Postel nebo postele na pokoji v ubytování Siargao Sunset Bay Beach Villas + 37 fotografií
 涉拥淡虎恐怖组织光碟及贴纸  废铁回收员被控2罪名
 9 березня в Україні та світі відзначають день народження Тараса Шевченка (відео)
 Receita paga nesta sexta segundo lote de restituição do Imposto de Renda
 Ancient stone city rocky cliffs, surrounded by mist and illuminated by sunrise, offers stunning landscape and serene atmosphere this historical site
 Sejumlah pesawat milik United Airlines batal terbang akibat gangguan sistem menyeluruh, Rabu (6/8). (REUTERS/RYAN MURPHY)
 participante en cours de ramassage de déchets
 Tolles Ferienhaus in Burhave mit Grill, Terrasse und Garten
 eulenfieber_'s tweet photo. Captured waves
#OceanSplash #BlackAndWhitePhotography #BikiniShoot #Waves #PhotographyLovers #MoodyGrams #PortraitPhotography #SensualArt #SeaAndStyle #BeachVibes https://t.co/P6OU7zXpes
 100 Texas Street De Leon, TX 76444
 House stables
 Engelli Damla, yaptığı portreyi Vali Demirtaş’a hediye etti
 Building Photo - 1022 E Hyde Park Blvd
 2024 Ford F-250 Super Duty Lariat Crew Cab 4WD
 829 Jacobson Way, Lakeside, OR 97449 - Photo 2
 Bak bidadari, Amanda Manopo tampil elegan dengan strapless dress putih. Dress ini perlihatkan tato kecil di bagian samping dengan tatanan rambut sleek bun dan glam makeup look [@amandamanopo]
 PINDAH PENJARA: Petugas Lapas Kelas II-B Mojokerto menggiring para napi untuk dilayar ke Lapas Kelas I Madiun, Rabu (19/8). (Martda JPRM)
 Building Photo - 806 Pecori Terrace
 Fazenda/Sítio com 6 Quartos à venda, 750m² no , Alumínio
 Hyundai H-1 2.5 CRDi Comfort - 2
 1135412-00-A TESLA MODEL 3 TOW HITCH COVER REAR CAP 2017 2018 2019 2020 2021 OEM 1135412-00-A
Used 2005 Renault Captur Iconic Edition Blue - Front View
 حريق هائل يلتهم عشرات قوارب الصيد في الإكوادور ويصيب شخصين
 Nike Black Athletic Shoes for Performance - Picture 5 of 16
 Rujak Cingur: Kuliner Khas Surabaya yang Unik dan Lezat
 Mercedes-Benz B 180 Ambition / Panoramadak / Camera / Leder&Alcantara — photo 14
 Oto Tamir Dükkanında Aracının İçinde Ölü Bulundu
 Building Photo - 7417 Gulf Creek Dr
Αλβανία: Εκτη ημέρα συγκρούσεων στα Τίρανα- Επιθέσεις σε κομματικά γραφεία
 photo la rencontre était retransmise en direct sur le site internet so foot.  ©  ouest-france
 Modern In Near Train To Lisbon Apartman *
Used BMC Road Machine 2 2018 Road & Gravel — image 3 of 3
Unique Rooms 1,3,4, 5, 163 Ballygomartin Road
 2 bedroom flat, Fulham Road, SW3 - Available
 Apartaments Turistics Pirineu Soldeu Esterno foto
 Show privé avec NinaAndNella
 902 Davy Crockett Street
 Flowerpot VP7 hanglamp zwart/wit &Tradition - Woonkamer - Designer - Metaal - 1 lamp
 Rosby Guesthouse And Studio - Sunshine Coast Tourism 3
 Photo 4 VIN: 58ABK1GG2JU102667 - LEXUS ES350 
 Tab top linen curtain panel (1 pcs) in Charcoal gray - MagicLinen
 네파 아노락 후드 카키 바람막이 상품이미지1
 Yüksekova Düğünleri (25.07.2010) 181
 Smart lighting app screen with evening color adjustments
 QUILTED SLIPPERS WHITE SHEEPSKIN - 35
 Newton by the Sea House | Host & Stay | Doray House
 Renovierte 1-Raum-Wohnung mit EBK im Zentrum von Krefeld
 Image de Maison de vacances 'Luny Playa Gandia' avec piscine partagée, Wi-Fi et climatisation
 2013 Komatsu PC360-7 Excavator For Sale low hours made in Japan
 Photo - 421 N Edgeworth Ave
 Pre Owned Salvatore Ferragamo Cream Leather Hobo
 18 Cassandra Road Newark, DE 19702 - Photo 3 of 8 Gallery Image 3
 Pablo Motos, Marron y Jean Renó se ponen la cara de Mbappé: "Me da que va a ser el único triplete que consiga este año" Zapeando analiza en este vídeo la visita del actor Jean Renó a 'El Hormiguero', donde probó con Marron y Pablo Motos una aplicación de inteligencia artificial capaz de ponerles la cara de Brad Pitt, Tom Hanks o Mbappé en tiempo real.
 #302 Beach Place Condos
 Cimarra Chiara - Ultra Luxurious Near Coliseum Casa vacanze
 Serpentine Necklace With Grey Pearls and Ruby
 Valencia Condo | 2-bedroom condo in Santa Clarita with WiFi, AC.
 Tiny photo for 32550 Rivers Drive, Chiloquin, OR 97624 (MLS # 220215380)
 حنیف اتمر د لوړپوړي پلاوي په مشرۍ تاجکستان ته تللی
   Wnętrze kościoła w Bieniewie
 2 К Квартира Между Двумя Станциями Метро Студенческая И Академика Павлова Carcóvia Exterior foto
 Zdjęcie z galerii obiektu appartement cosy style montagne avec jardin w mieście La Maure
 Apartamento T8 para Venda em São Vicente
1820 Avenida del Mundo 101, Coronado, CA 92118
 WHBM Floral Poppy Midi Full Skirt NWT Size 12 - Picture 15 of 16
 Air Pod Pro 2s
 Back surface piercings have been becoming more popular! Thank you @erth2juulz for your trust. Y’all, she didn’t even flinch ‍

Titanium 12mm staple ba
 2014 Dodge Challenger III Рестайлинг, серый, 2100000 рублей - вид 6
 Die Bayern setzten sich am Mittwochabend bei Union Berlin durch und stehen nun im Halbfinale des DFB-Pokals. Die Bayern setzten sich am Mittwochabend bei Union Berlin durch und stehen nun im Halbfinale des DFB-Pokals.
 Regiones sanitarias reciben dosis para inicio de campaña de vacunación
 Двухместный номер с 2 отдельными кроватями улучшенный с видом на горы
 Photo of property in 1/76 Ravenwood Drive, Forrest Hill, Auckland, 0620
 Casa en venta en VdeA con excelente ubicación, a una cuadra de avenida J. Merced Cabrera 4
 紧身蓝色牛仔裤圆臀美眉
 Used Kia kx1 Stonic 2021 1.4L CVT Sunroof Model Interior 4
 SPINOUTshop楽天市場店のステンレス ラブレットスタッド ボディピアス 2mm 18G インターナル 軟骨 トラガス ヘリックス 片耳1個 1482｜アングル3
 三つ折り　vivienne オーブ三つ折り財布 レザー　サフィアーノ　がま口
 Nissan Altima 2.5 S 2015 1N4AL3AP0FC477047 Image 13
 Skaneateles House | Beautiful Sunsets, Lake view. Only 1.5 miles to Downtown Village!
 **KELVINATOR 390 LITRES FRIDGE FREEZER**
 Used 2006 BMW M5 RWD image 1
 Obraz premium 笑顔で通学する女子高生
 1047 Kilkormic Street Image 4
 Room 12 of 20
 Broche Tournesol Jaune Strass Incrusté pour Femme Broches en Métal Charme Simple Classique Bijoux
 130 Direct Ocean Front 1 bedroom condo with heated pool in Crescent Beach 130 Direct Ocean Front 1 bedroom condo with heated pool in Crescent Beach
---*---
What needs to be done | Referring to the material above, set down exactly the lines between the line with "Image de Maison" and the line with "1820 Avenida del", inclusive, and no other lines.

Completed exercise |
 Image de Maison de vacances 'Luny Playa Gandia' avec piscine partagée, Wi-Fi et climatisation
 2013 Komatsu PC360-7 Excavator For Sale low hours made in Japan
 Photo - 421 N Edgeworth Ave
 Pre Owned Salvatore Ferragamo Cream Leather Hobo
 18 Cassandra Road Newark, DE 19702 - Photo 3 of 8 Gallery Image 3
 Pablo Motos, Marron y Jean Renó se ponen la cara de Mbappé: "Me da que va a ser el único triplete que consiga este año" Zapeando analiza en este vídeo la visita del actor Jean Renó a 'El Hormiguero', donde probó con Marron y Pablo Motos una aplicación de inteligencia artificial capaz de ponerles la cara de Brad Pitt, Tom Hanks o Mbappé en tiempo real.
 #302 Beach Place Condos
 Cimarra Chiara - Ultra Luxurious Near Coliseum Casa vacanze
 Serpentine Necklace With Grey Pearls and Ruby
 Valencia Condo | 2-bedroom condo in Santa Clarita with WiFi, AC.
 Tiny photo for 32550 Rivers Drive, Chiloquin, OR 97624 (MLS # 220215380)
 حنیف اتمر د لوړپوړي پلاوي په مشرۍ تاجکستان ته تللی
   Wnętrze kościoła w Bieniewie
 2 К Квартира Между Двумя Станциями Метро Студенческая И Академика Павлова Carcóvia Exterior foto
 Zdjęcie z galerii obiektu appartement cosy style montagne avec jardin w mieście La Maure
 Apartamento T8 para Venda em São Vicente
1820 Avenida del Mundo 101, Coronado, CA 92118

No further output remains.